▶ **To do**: Only one stretch of the listing below is wanted. Begin at the line that has "Classic minimal embroidered", stop after the line that has "Riser Recliner Chair", and repeat every line in between exactly.

▶ **Records for this exercise**:
• • • • •

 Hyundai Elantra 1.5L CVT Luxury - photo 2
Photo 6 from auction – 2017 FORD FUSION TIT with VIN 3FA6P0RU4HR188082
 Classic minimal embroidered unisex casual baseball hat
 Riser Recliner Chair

• • • • •

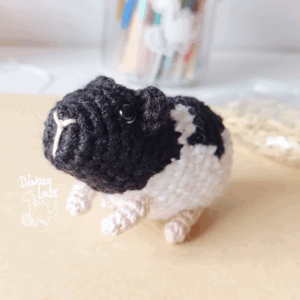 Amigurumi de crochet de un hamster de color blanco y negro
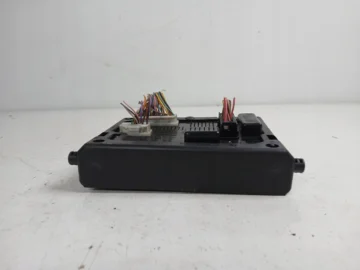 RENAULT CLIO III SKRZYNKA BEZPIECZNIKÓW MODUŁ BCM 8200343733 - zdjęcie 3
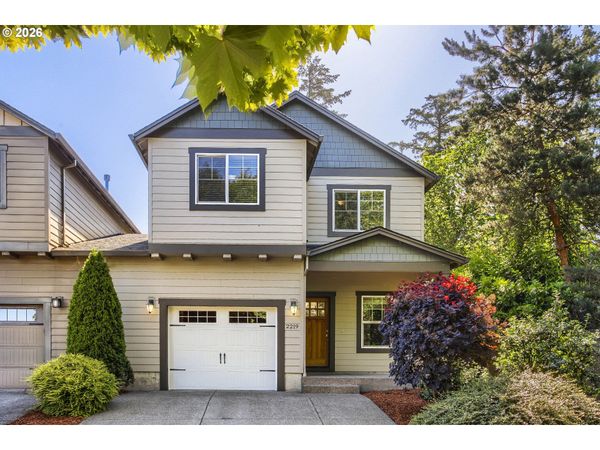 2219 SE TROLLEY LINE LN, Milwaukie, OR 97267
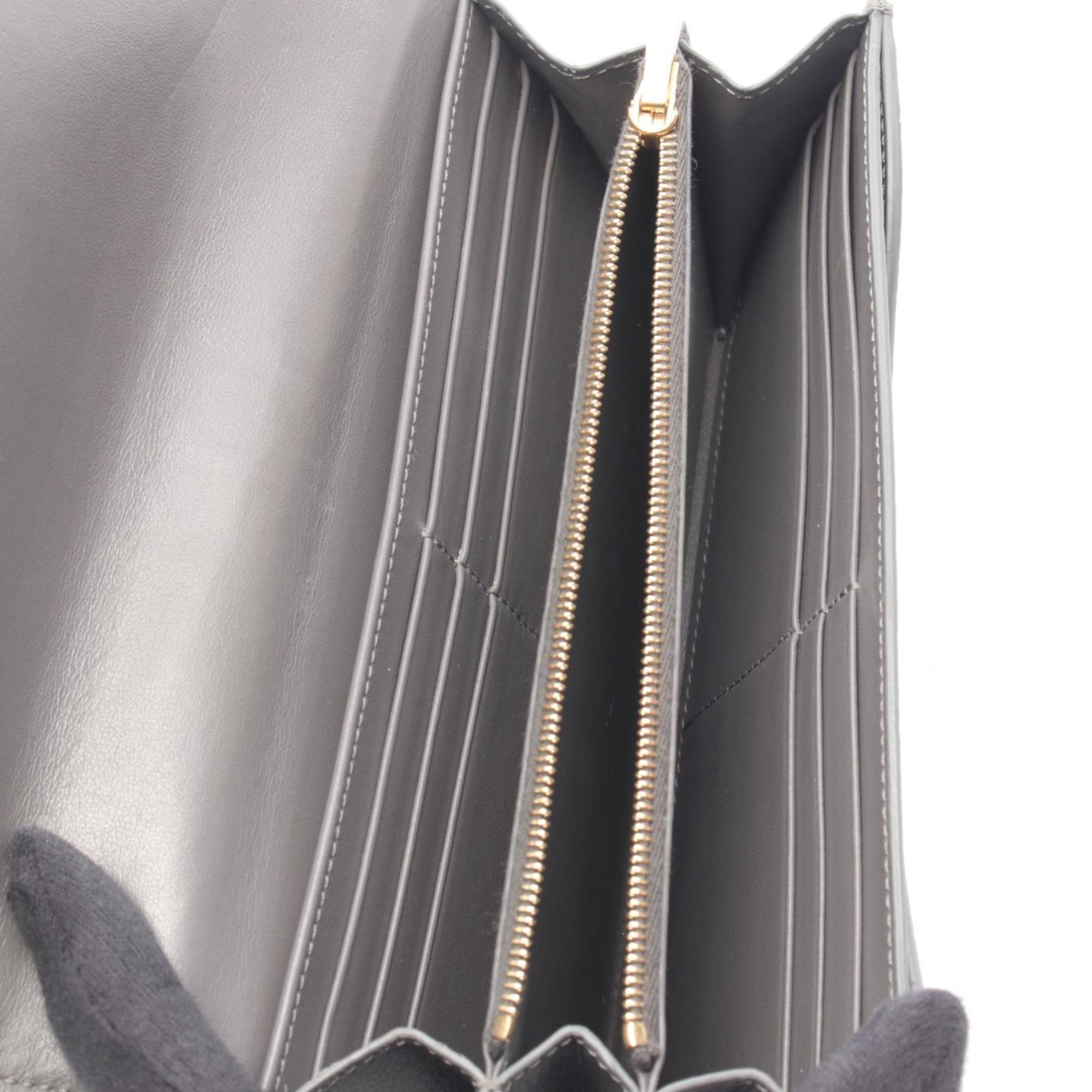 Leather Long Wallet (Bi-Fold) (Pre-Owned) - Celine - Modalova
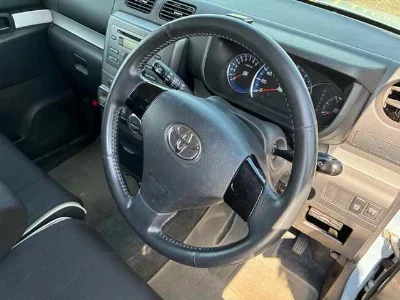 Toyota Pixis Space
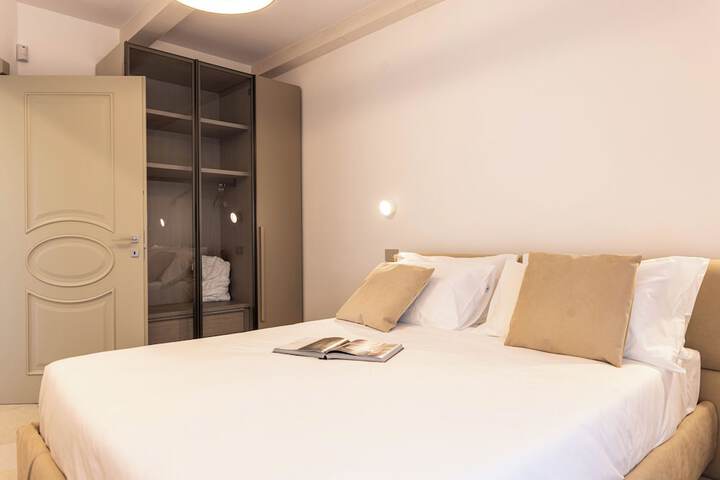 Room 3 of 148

• • • • •

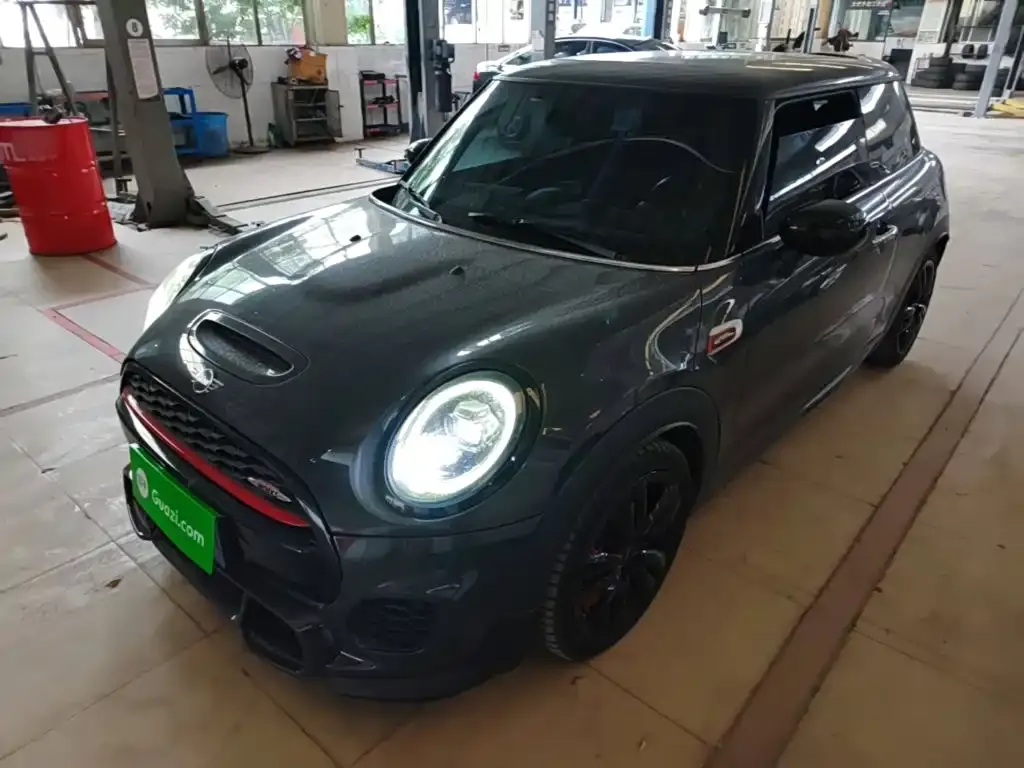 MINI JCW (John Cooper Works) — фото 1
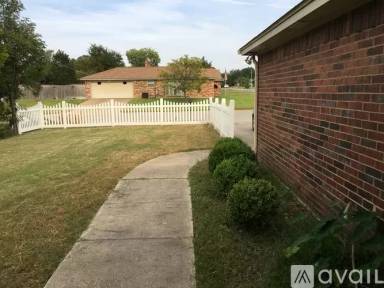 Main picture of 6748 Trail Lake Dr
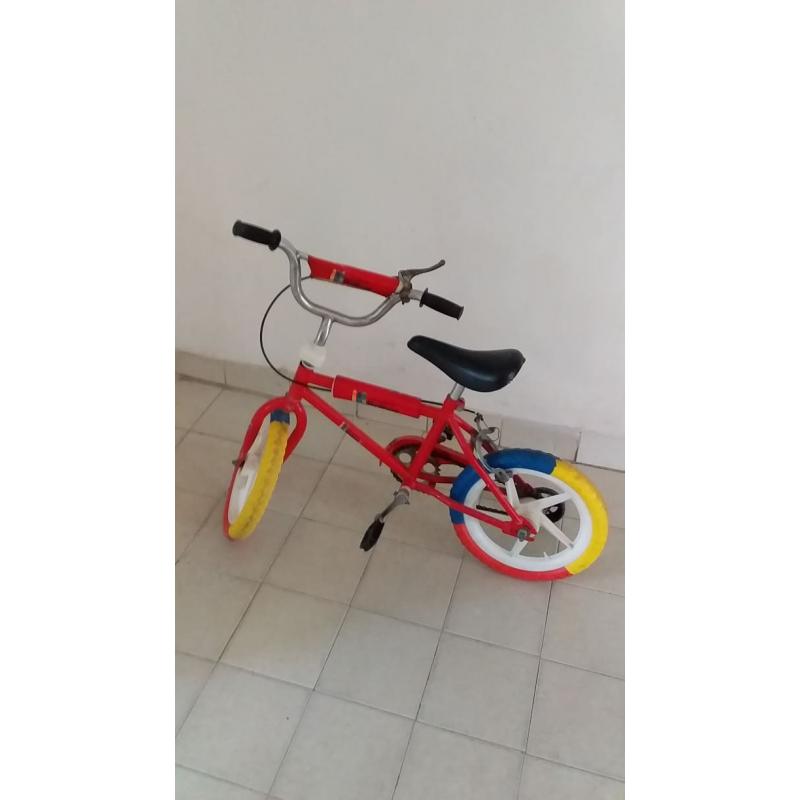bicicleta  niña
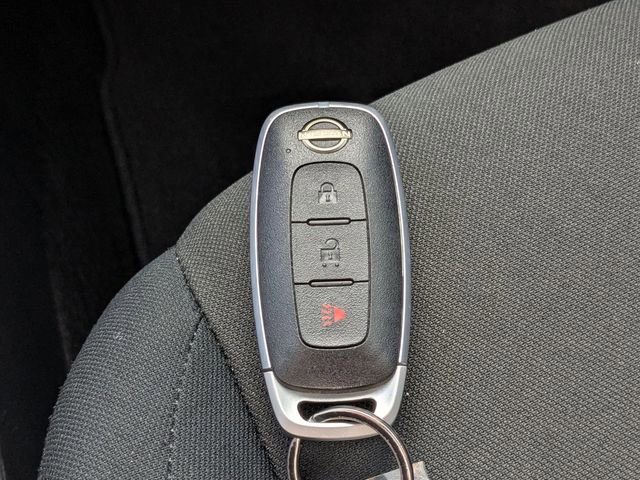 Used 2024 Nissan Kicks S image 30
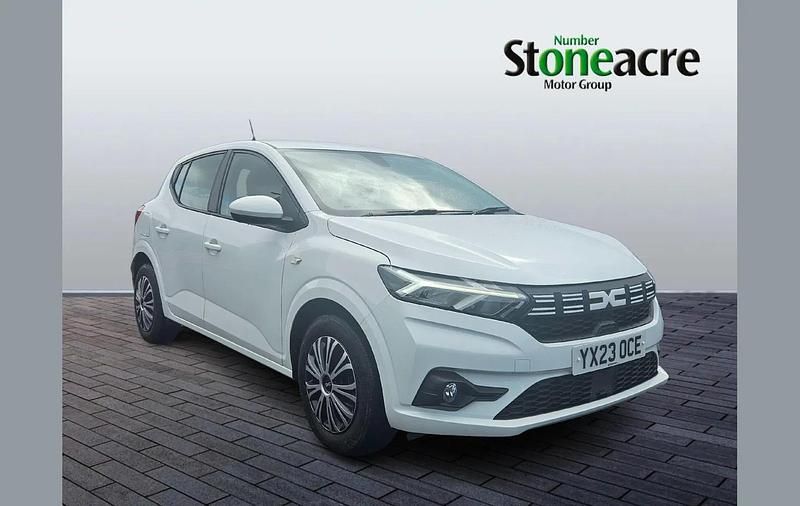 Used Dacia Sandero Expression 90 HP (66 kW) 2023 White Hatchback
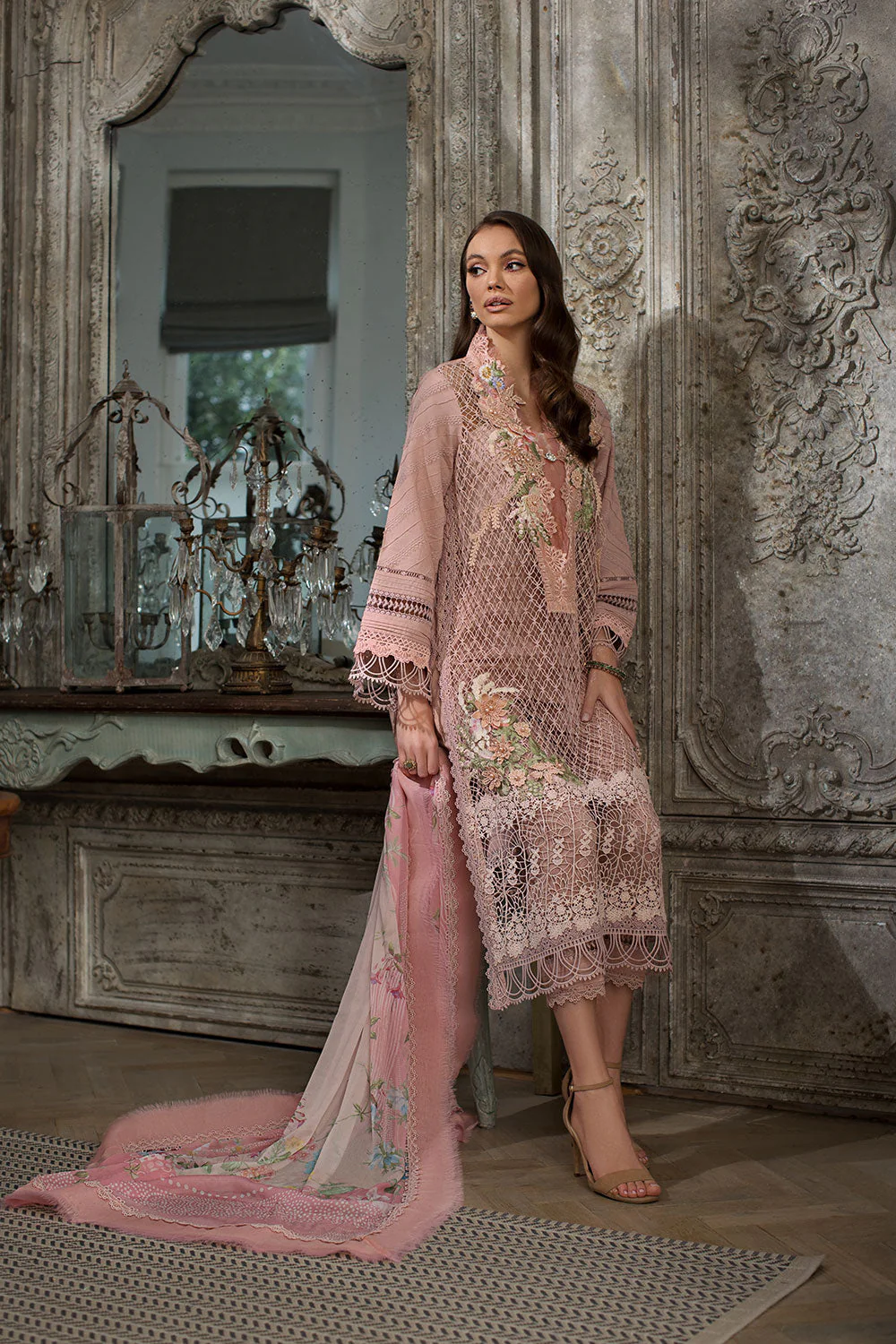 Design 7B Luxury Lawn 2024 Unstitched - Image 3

• • • • •

▶ **Reply to the exercise**:
 Classic minimal embroidered unisex casual baseball hat
 Riser Recliner Chair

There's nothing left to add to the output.